Friday, July 29, 2011

The Number One Reason to Not Raise the Debt Ceiling

Because THEY want you to, America:

"Raise debt ceiling, banks urge; Executives fear economic harm if Congress stalls" by Phil Mattingly and Peter Cook, Bloomberg News / July 29, 2011

WASHINGTON - Bankers including Goldman Sachs Group chairman and chief executive Lloyd Blankfein and JPMorgan Chase & Co. chief Jamie Dimon called on President Obama and Congress to raise the federal debt limit to steer the US government away from the threat of default.

''The consequences of inaction - for our economy, the already struggling job market, the financial circumstances of American businesses and families, and for America's global economic leadership - would be very grave,'' the executives wrote in the letter sent yesterday by the Financial Services Forum, a Washington-based trade group representing the largest banks....

''A default on our nation's obligations, or a downgrade of America's credit rating, would be a tremendous blow to business and investor confidence - raising interest rates for everyone who borrows, undermining the value of the dollar, and roiling stock and bond markets,'' the group of financial industry executives wrote in the letter to Congress and the White House.  

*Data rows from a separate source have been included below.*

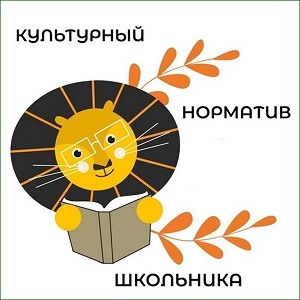 культурный норматив школьника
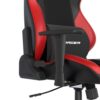 ghe-dxracer-drifting-c-neo-leatherette-black-red-l-03_2369bf1c1284449e9681edfe7d183b76_master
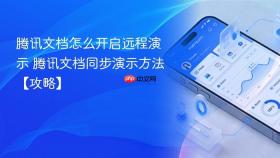 腾讯文档怎么开启远程演示 腾讯文档同步演示方法【攻略】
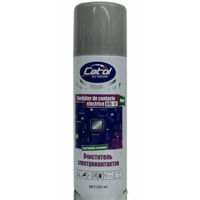 Автохимия CatolLux VSL-11, Electronic cleaner 220ml, curățător de contacte electrice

What is the "we" stuff, you shit-scum vampires? 

And if you are worried about the dollar tell Bernanke to shut off those printing presses that are buying back all the MBS shit.

In addition to Blankfein and Dimon, the letter included signatures from chief executives representing Bank of America Corp., Citigroup Inc., Morgan Stanley, US Bancorp, Wells Fargo & Co., and State Street Corp.... 

Gee, if State Street is SO CONCERNED then they can GIVE BACK the $885 million-dollar TAX REFUND(?) when they MADE $1.6 BILLION in PROFITS last year -- and will be able to AVOID TAXES for YEARS TO COME by CONTINUING to APPLY PAST LOSSES!

See: State Street Stealers

Yeah, but YOUR SOCIAL SECURITY and MEDICARE has to be CUT, Americans!!!!!!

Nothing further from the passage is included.